Kolumne: So läuft es: Ohne Fleisch kein Preis?

Unser Kolumnist will niemandem die Weihnachtsgans vermiesen. Aber er wünscht sich ein bisschen mehr Würde im Umgang mit Tieren.

Es begann vor einiger Zeit auf der Autobahn. Auf der Rückfahrt von einem langen Lauf. Wieder einer dieser Todeslaster. Kleine Schnauzen und angsterfüllte Augen, die sich an den engen Luftschlitzen des LKW drängeln, um ein wenig Sauerstoff zu erhaschen. Schweine auf ihrer letzten Fahrt, wenig später auf unseren Tellern. Schon lange hatte ich meine Probleme mit diesem Bild. Ebenso mit Rindern, die ich eigentlich sehr viel lieber auf grünen Weiden stehen sehe als auf ihrem letzten Transport. Ganz bewusst verzichte ich an dieser Stelle auf die Beschreibung von extremen Szenen, wie der Mensch mit Tieren umgeht, um sie anschließend zu verspeisen. Nur soviel: Es ist alleine der Mensch, der sich derart skrupellos über Tiere erhebt. Sie als eine Art Ding betrachtet, das seinen Zweck erfüllt. Verlieren wir nicht schlicht den Respekt vor Tieren? Gehen wir überhaupt noch pfleglich mit ihrer Würde um? Millionenfach tun wir es nicht. Jeden Tag.
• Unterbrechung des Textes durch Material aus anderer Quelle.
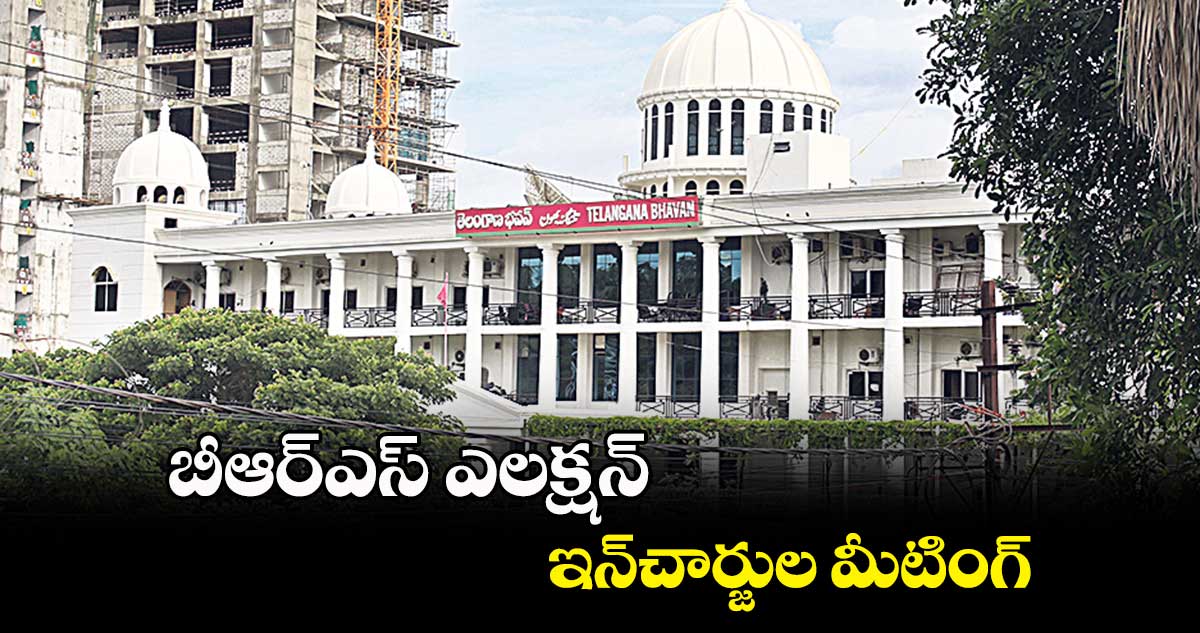 నేడు బీఆర్ఎస్ ఎలక్షన్ ఇన్చార్జుల మీటింగ్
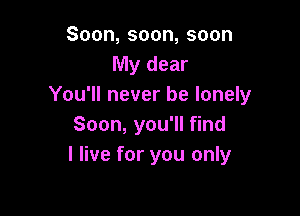 Soon,soon,soon
My dear
You'll never be lonely

Soon, you'll find
I live for you only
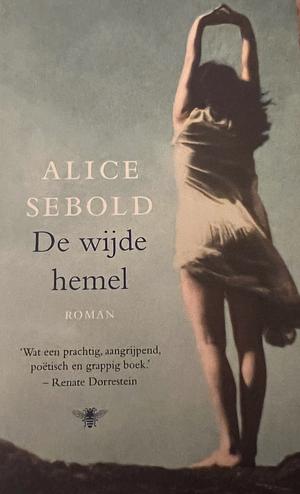 De wijde hemel by Alice Sebold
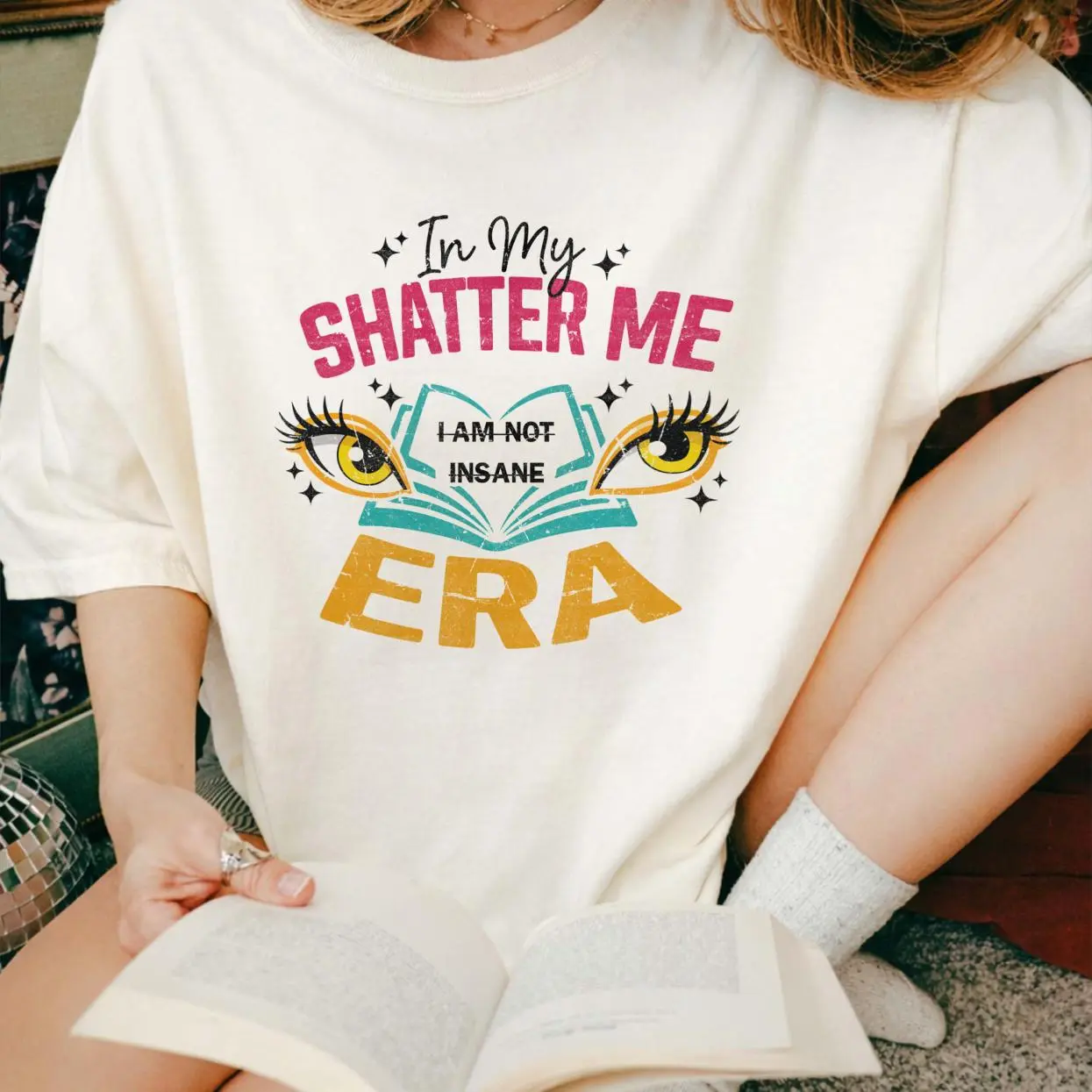 In My SHATTER ME ERA, Comfort colors shirt, I am not insane, Book lover gift, bookish merch, bookish clothing, shatter me series, shatter me, aaron warner, juliette warner, juliette ferrars, kenji kishimoto, sector 45, sector 45 uniform, ignite,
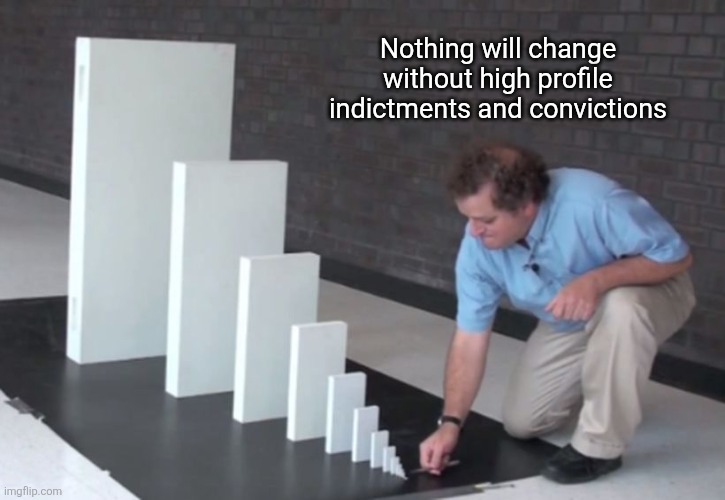 Domino Effect | Nothing will change without high profile indictments and convictions | image tagged in domino effect | made w/ Imgflip meme maker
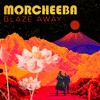 Cover Morcheeba - Blaze Away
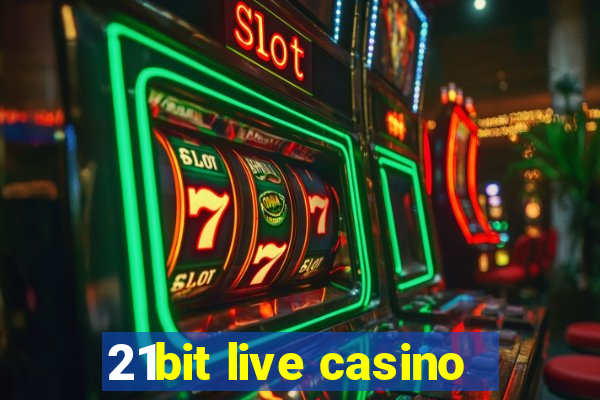 21bit live casino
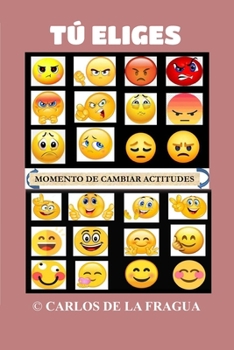Paperback Tú Eliges: Momento de Cambiar Actitudes [Spanish] Book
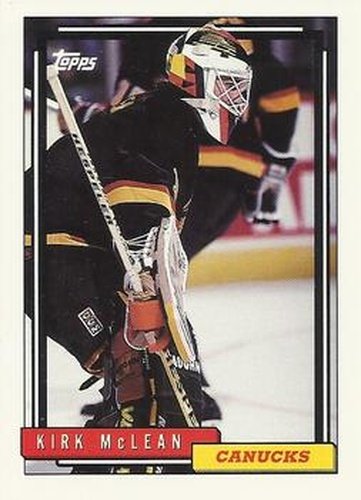 #130 Kirk McLean - Vancouver Canucks - 1992-93 Topps Hockey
Bereits vor einigen Jahren habe ich begonnen, meinen Fleischkonsum deutlich einzuschränken. Deutlich! Vor acht Jahren habe ich beinahe jeden Tag Fleisch verzehrt. Heute vielleicht noch einmal die Woche, manchmal auch weniger. Ich habe einen Bauern gefunden, bei dem die Tiere würdevoll leben und aufwachsen. Zudem mehrere gute Marktstände, an denen ich mich adäquat versorgen kann. Das alles mindert meine Traurigkeit allerdings kaum, wenn ich auf der Autobahn an diesen Todeslastern vorbeifahre. Ich weiß aber: Da mache ich nicht mehr mit!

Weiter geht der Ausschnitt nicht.